Lucie Chatelain : Selon le gouvernement actuel, la loi française sur le devoir de vigilance ne couvre pas l’aval mais seulement l’amont des activités des entreprises. Les représentants français ont plaidé pour que la directive n’aille pas au-delà. En réalité, la loi française ne définit ni l’amont ni l’aval mais porte sur les atteintes causées par les activités, ce qui peut très bien inclure l’aval ! Ce sont des questions d’interprétation qui devraient donner lieu à des décisions de justice en France. La France a utilisé ce flou sur l’aval pour exclure les services financiers du champ du projet de directive.

AJ : Est-ce une surprise que la France ait cherché à limiter le projet ?

Lucie Chatelain : Au début des négociations, la France a dit soutenir cette proposition de directive, notamment au cours de la présidence française de l’UE, en 2022. Au cours des négociations au sein du Conseil, la France a cependant adopté des positions restrictives sur certains points, comme les services financiers et la responsabilité climatique. Au même moment, l’Allemagne a cherché à restreindre le champ de la responsabilité civile. L’Allemagne comme la France, les deux États membres dotés d’une loi sur le devoir de vigilance, ont cherché à éviter d’aller plus loin que ce qui existait dans leur propre loi.

AJ : La France s’est également prononcée contre la reconnaissance des droits des peuples autochtones…

Lucie Chatelain : D’après nos informations, la France a été un des seuls pays, avec la Finlande et la Suède, à s’opposer à l’intégration du consentement libre, informé et préalable des peuples autochtones dans la liste des droits humains visés par la directive. Ce n’est malheureusement pas une surprise car la France n’a pas ratifié la convention de l’Organisation internationale du travail sur ces questions et s’oppose systématiquement dans les dernières discussions au niveau européen à la reconnaissance du droit au consentement des peuples autochtones.

AJ : Le projet de directive est-il encore susceptible d’évoluer ?

Lucie Chatelain : Le texte est en train d’être finalisé au niveau technique mais les points politiques ont été tranchés. En revanche, au niveau de la transposition dans chaque État membre, d’importantes questions vont se poser. Les États membres vont avoir une marge de manœuvre sur certains points. Par exemple, sur la charge de la preuve : il serait possible au moment de la transposition par les États membres de prévoir un régime de responsabilité civile plus ambitieux. Reste à voir s’ils le feront ou s’ils s’en tiendront à ce qui est prévu par la directive.

AJ : Quels sont les principaux changements que la directive pourrait amener en France ?

Lucie Chatelain : Le premier concerne l’autorité de contrôle.

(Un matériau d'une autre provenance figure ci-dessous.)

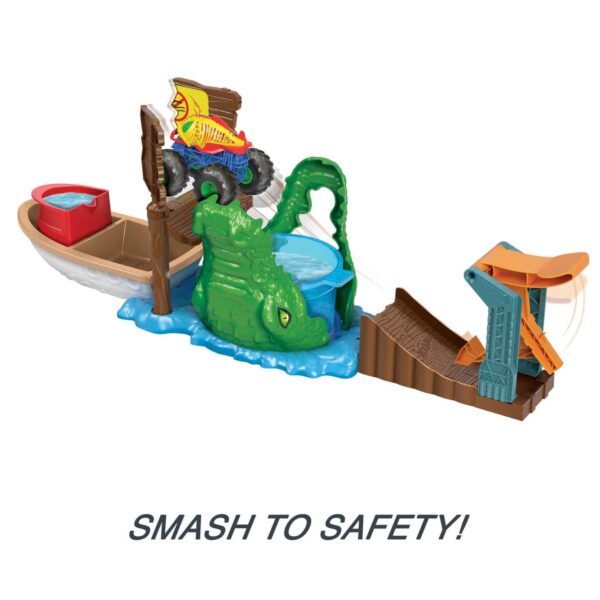 Hot Wheels Monster Trucks Swamp Chomp Playset HGV14 - Image 3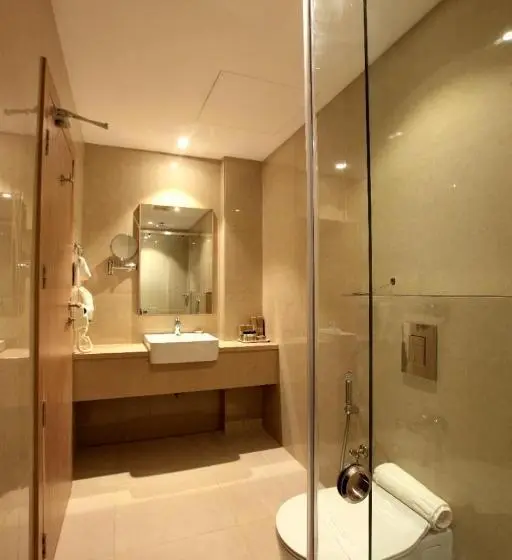 سوییت اجرایی, Raas Residency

Une telle autorité n’existe pas en France aujourd’hui : seul le juge peut apprécier si une injonction de se mettre en conformité doit être prononcée, ou condamner une entreprise à verser une indemnisation pour réparer un dommage causé par son manque de vigilance. Ce système de contrôle prévu par le projet de directive, via des autorités nationales qui auraient des pouvoirs d’enquête et de sanction, vient de la loi allemande et constitue un changement important : on ne sait pas quelle sera cette autorité, s’il s’agit d’en créer une nouvelle ou de donner cette compétence à une institution déjà existante. Le risque serait qu’une autorité, sous-dotée ou manquant d’indépendance, se contente d’une conformité de façade et s’en tienne aux propres déclarations de l’entreprise contrôlée. Le deuxième changement majeur porte sur les sanctions qui pourront être prononcées contre les entreprises défaillantes. Des amendes sont prévues par le texte européen et les États membres devront prévoir des sanctions pécuniaires dissuasives. Ces modalités seront définies au moment de la transposition, qui doit intervenir dans les deux ans suivant l’adoption de la directive.